Du coup, certains ont imaginé une autre technique. Je vous préviens, c’est d’une simplicité brillante. (Je suis encore subjuguée, 4 ans après en avoir entendu parler pour la première fois…). Par opposition, elle est appelée bottom-up. De bas en haut, donc.
Comme je vous l’ai décrit, la représentation de l’espace du patient est décalée à droite. Un peu comme si toutes ces perceptions étaient intégrées à un niveau cognitif supérieur, pour fournir une représentation globale de l’espace et des actions. Elles sont donc toutes liées à un niveau supérieur, et l’hypothèse est qu’en en modifiant une tout le système sera affecté. L'équipe de Rossetti (cocorico, comme sin nom ne l'indique pas forcément) est l'une des plus actives sur le sujet (pour ne pas dire "la").(1-2 et d'autres encore).
L’idée, c’est donc ça : produire une distorsion corrigeant la distorsion pathologique.
OK, mais encore ? C’est là qu’intervient…le prisme ! Ce petit morceau de verre, a des effets étonnants...
Les manip ont d’abord été réalisées chez des sujets sains. Elles consistent à faire pointer des cibles à un sujet portant des lunettes prismatiques déviant l’image des objets vers la droite. Pendant cette tâche, il peut voir la cible, la deuxième partie du trajet de son doigt, et le résultat. Au début, le sujet va faire des erreurs : il pointera trop à droite. Progressivement, il va corriger « s’adapter » à la déviation prismatique pour pointer correctement.
Lorsqu’on lui enlève les lunettes, si la tâche est prolongée, on observe un « after-effect » soit une persistance de cette adaptation pendant un certain temps : le sujet point à gauche de la cible.
Tâche d'adaptation prismatique lors d'une déviation vers la droite (1).
Il semble bien qu’on a obtenu une distorsion de la représentation de l’espace vers la gauche ! D’où l’idée d’utiliser cet after-effect pour la rééducation des patients. C’est chose faîte, et il est encore plus important proportionnellement que chez les sujets sains. Et il se prolonge plusieurs heures, voire jours, en fonction des sujets et protocoles (plusieurs jours de suite…)

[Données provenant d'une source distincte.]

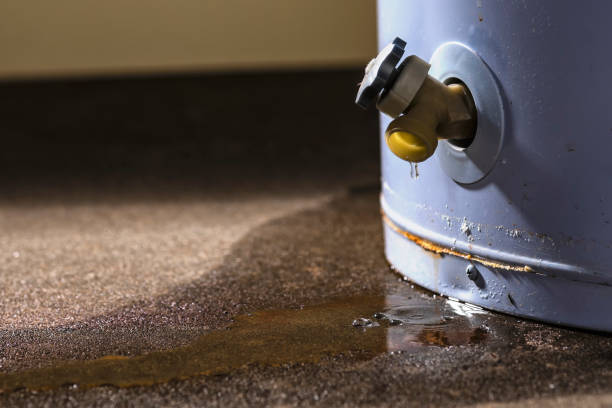 Indian Shores, FL Water damage restoration Company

Mais ce qui est génial, c’est que l’hypothèse de départ a été vérifiée : tous les tests neuropsychologiques évaluant l’heminégligence sont améliorés parallèlement, au niveau moteur, sensitif, auditif même !
Ca me rend toute dingue ce genre de trucs. Et voilà-t-y pas que l’équipe de Y. Rossetti, toujours elle, vient de publier une étude chez des patients présentant des douleurs (perception sensitive) d’origine neurologique, localisées à un membre (3). (Souvent hyper difficiles à contrôler, comme c’était le cas chez les patients participants). On sait qu’il existe chez eux un déplacement du milieu subjectif vers le côté douloureux. En utilisant ces lunettes prismatiques de façon à corriger cette distorsion, ils ont obtenu un soulagement partiel des douleurs. Et chez une patiente, ils ont (les sadiques) obtenu l’effet inverse en accentuant la distorsion…
Mais jusqu’où les prismes nous feront-ils dévier ???
(1) Prism adaptation to a rightward optical deviation rehabilitates left hemispatial neglect. Nature. 1998. Rossetti et al. (2) Neglect and prism adaptation: a new therapeutic tool for spatial cognition disorders.Restor Neurol Neurosci.2006.Rode et al. (3) Prism adaptation to optical deviation alleviates pathologic pain. Neurology. 2007. Sumitani et al.